Euler se encogió de hombros.

—¿Qué me importará eso si muero ayudándoos?

—¿No tenéis familia allí? ¿Permitiréis que mueran por vuestra cobardía?

El pirata alzó hacia él una mirada de ferocidad, y sus cadenas tintinearon al cerrar los puños.

—Me engañasteis una vez con vuestras mentiras, desgraciado, pero no me dejaré engañar otra vez. Si queréis ir a la superficie en busca de tesoros o lo que sea que perseguís, es asunto vuestro, pero no volveréis a arrastrarme a mí también. No voy a sacrificar mi vida y la de mis hombres por vuestra codicia. —Rió con sequedad y enojo—. Un arpa que eleva montañas… ¿No se os ha ocurrido una mentira mejor?

Empujó a Félix con un hombro al pasar, y comenzó a rodear el comedero hacia Gotrek, seguido por sus hombres, aunque algunos se volvieron a mirar atrás, con el ceño fruncido.

Félix suspiró mientras se preguntaba si debería intentar una vez más convencer a Euler. No parecía tener sentido. Poseía un corazón tan mezquino que era incapaz de creer que el resto de las personas no fueran ladrones.

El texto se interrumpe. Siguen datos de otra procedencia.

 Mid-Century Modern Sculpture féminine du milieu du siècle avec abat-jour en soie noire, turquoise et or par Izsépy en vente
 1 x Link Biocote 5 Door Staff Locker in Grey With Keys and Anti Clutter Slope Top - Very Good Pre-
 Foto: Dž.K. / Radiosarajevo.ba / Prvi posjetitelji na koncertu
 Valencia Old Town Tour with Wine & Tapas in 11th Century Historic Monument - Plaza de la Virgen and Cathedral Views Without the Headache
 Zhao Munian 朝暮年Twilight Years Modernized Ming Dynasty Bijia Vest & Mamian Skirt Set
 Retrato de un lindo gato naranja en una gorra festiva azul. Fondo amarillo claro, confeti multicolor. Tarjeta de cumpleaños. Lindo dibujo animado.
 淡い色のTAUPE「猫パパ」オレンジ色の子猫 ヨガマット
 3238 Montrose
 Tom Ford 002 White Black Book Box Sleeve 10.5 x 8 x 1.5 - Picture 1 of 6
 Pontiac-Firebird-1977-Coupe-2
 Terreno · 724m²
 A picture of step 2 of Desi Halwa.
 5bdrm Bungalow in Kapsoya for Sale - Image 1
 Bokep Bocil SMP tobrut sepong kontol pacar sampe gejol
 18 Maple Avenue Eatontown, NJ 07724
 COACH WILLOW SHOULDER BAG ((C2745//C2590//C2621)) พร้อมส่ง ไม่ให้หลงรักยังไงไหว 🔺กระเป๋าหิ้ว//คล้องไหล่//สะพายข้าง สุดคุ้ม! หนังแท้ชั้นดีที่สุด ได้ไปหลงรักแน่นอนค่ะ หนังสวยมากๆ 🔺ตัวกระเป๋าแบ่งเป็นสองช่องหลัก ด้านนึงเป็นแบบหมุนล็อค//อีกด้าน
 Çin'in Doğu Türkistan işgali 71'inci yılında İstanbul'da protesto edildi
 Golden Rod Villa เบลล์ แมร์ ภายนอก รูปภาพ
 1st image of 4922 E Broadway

Desanduvo sus pasos tras los piratas. El Matador había roto las cadenas de Aethenir, y ahora estaba rodeado por un apiñamiento de prisioneros asombrados por aquella demostración de fuerza. Intentaban llegar hasta él desde todas partes, hombres y mujeres le tendían las muñecas. Gotrek rompía las cadenas según iban llegando, sin cansarse: tres tirones secos los dejaban en libertad.

Entonces, los hombres de Euler se abrieron paso a través de los prisioneros más débiles y se acercaron a Gotrek, con una ancha sonrisa. Gotrek también rompió sus cadenas, sin alzar siquiera los ojos para mirar a quién liberaba.

Félix miró la multitud de prisioneros que avanzaban. La mayoría de ellos estaban tan desnutridos y débiles que apenas podían tenerse en pie. Sólo unos pocos eran algo más que cadáveres animados. No servirían prácticamente para nada en un combate. No obstante, sin Euler y sus hombres, Félix, Aethenir y Gotrek eran sólo tres, y tres no llegarían muy lejos si estaban solos.

Félix atravesó la multitud y se detuvo junto a Gotrek para dirigirles la palabra.

—Los elfos oscuros tienen intención de destruir Marienburgo y el Imperio —dijo—. Si podéis blandir una espada, necesitamos voluntarios que nos ayuden a impedírselo. Equivaldrá a la muerte, pero salvaréis a vuestras familias.

Sólo unos pocos se ofrecieron. La mayoría parecían estar demasiado aturdidos para entender lo que decía, y sólo quería poder mover los brazos y las piernas.

Félix suspiró y abandonó el asunto. Lo había intentado.

La llave giró en la cerradura y entraron los cuatro guardias con las espadas desenvainadas. Félix miró con nerviosismo a sus compañeros de cautiverio, con la esperanza de que no saltaran demasiado pronto. Pero, en todo caso, vacilaron durante demasiado tiempo mientras observaban, nerviosos, a los esclavos humanos que comenzaban a avanzar por la celda en busca de cuerpos, y los esclavos enanos entraban caminando trabajosamente, cargados con la barra de hierro de la que pendía el pesado caldero. Gotrek, Félix y Aethenir se pusieron en marcha hacia el comedero, arrastrando los pies y con las muñecas unidas para ocultar que las cadenas estaban rotas, mientras, al otro lado del comedero, Euler y sus más corpulentos hombres hacían lo mismo y ocupaban posiciones lo más cerca posible del caldero. El resto de los prisioneros avanzaron tras ellos, y la mayoría recordó no separar demasiado ni los tobillos ni las muñecas.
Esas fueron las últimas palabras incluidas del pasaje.